The flammability (explosivity) limits depend not only on the types of combustible gases, but also on the experimental conditions (vessel capacity, thermal power of the ignition source, mixture temperature, flame propagation up, down, horizontally, etc.). This explains the slightly different values ​​of these limits in various literary sources. When the flame spreads from top to bottom or horizontally, the lower limits increase slightly, and the upper limits decrease.

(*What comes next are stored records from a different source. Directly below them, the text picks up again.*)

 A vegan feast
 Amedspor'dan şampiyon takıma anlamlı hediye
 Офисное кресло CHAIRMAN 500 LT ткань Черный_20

The calculated excess pressure during the explosion of such mixtures is as follows: natural gas - 0.75 MPa, propane and butane - 0.86 MPa, hydrogen - 0.74 MPa, acetylene - 1.03 MPa. In real conditions, the explosion temperature does not reach maximum values ​​and the resulting pressures are lower than those indicated, but they are quite sufficient to destroy not only the lining of boilers and buildings, but also metal containers if an explosion occurs in them.

The main reason for the formation of explosive gas-air mixtures is gas leakage from gas supply systems and its individual elements (leak closure of valves, wear of stuffing box seals, ruptures of gas pipeline seams, leakage of threaded connections, etc.), as well as imperfect ventilation of rooms, fireboxes and gas ducts boilers and furnaces, basements and various wells of underground communications. The task of the operating personnel of gas systems and installations is the timely identification and elimination of gas leaks and strict implementation of production instructions for the use of gaseous fuel, as well as the unconditional high-quality implementation of scheduled preventive inspection and repair of gas supply systems and gas equipment.